__What is expected__.
Entries below include pictures. Output exactly the lines from the one with "A framed and" down to the one with "England, West Sussex, Chichester, Colourful", both ends included, and leave the pictures out.

Start of Entries supplied

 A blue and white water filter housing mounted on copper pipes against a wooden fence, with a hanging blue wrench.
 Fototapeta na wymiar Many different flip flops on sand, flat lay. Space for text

End of Entries supplied
Start of Entries supplied

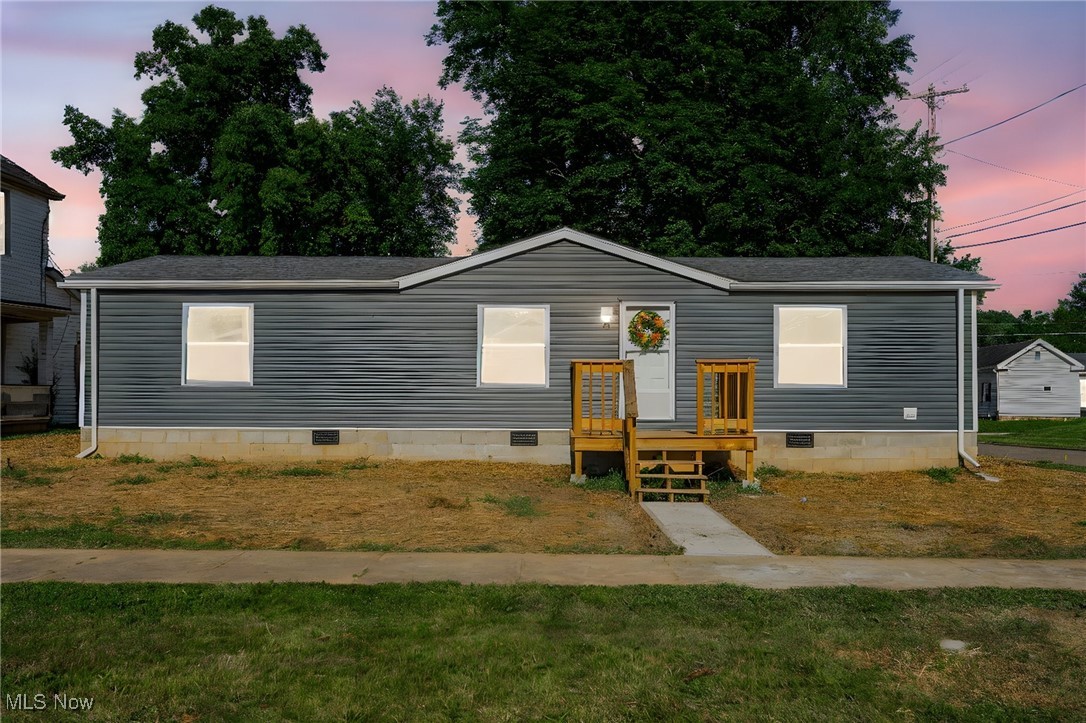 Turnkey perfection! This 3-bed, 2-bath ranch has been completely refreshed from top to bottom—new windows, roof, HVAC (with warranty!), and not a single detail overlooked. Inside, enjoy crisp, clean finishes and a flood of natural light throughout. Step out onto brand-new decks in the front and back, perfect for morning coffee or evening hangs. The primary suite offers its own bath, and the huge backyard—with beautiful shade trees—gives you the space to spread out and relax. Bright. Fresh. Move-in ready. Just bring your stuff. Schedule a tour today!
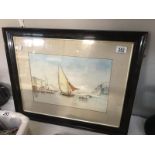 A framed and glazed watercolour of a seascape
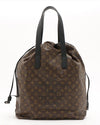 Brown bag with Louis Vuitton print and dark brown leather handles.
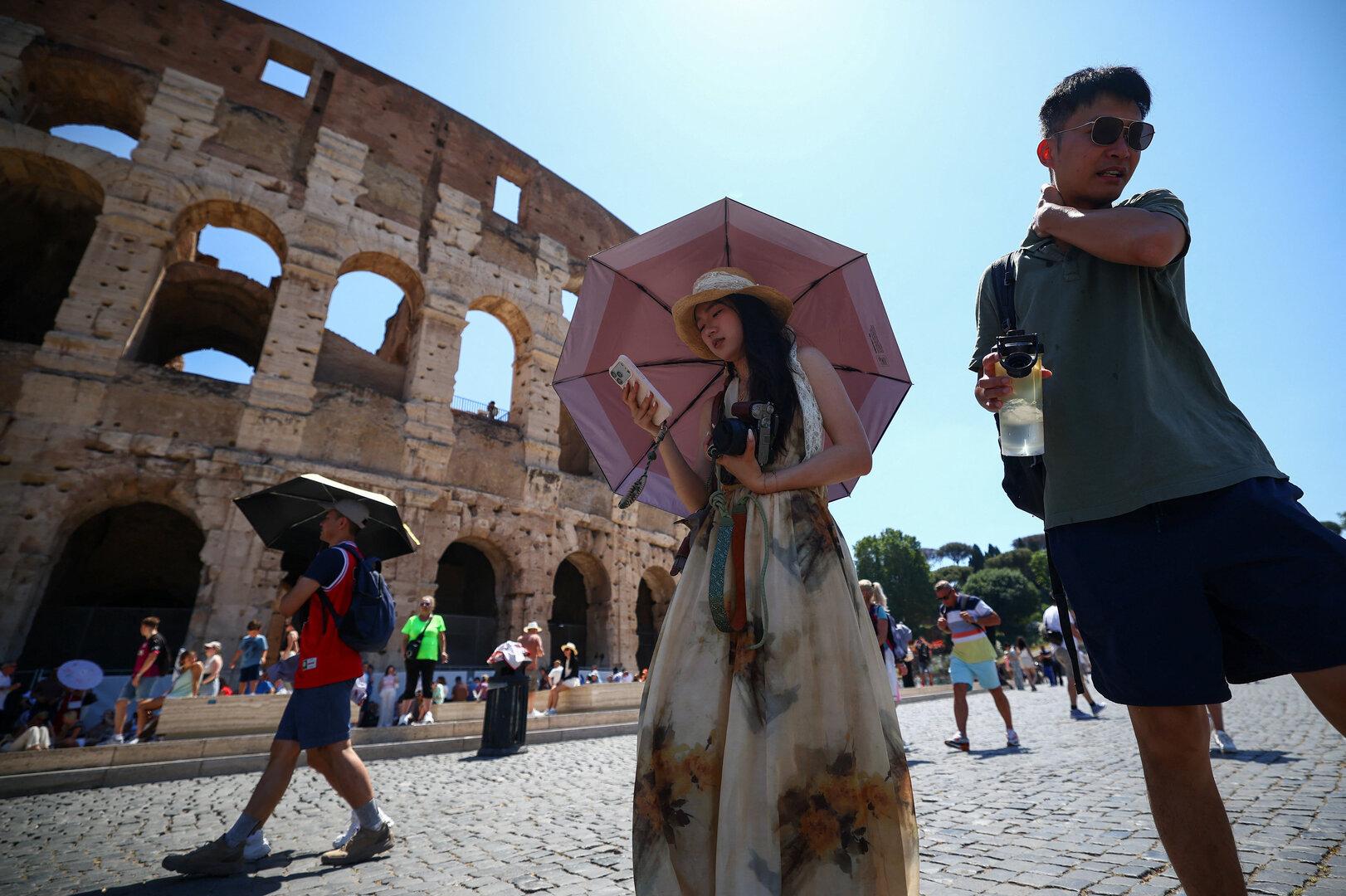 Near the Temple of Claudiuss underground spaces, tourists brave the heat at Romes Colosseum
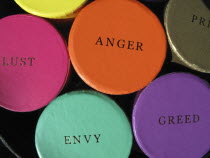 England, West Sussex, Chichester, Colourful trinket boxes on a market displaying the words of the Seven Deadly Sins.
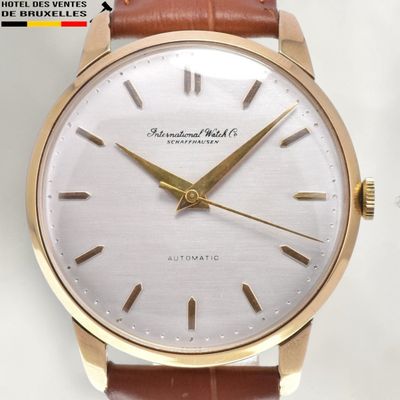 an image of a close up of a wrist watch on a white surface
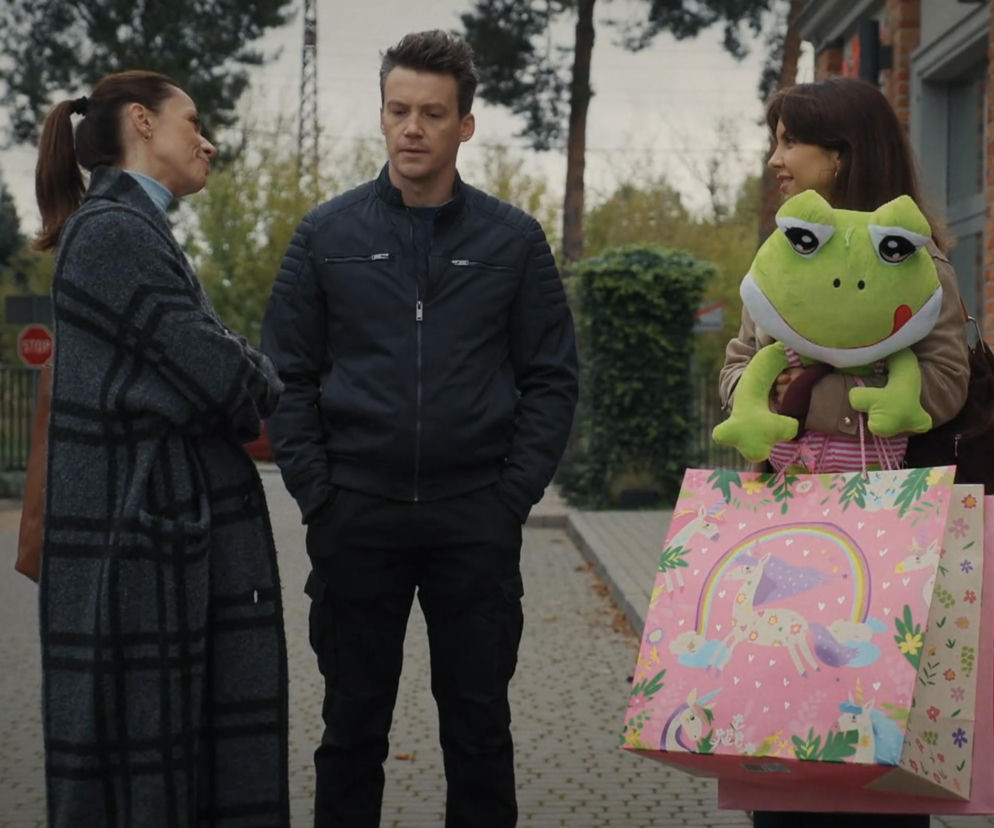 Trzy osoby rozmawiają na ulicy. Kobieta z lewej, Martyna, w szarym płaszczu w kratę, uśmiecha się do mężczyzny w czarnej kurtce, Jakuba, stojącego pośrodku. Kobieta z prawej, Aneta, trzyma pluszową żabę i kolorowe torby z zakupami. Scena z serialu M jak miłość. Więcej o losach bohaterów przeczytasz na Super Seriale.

End of Entries supplied

__Your solution__.
 A framed and glazed watercolour of a seascape
 Brown bag with Louis Vuitton print and dark brown leather handles.
 Near the Temple of Claudiuss underground spaces, tourists brave the heat at Romes Colosseum
 England, West Sussex, Chichester, Colourful trinket boxes on a market displaying the words of the Seven Deadly Sins.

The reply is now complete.